Videos taken by onlookers during Richard Russell's flight showed the plane doing deep dives, broad loops and at least one upside-down roll.
Videos taken by onlookers during Richard Russell's flight showed the plane doing deep dives, broad loops and at least one upside-down roll. PHOTO: REUTERS

In recordings of Mr Richard Russell's remarkable conversation with air traffic controllers, he speaks admiringly of the Olympic Mountains at sunset, complains of light-headedness and muses about potential prison time if he were to land the plane safely.

At one point, an air traffic controller asked if Mr Russell felt comfortable flying. "It's blast, man," Mr Russell replied. "I played video games before so, you know, I know what I'm doing a little bit."

At times, he was contrite. "Man, I'm sorry about this.
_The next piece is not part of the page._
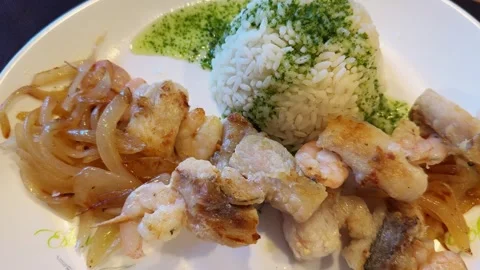 Steamed white fish served with caramelized onions and rice with basil sauce. Stock Footage 318230233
I hope this doesn't ruin your day," he said to the controller, adding that he was grateful to be kept away from other aircraft. "I'm glad you're not, you know, screwing up everyone else's day on account of me."

He said he hoped to have a "moment of serenity" in the air but lamented that the sights "went by so fast".

Videos taken by onlookers during Mr Russell's flight showed the plane doing deep dives, broad loops and at least one upside-down roll.

At the Seattle-Tacoma International Airport, thousands of passengers in the terminal or left sitting in planes on the tarmac were delayed.

"I got a lot of people that care about me and it's going to disappoint them to hear that I did this," Mr Russell said. "I would like to apologise to each and every one of them. Just a broken guy, got a few screws loose, I guess. Never really knew it until now."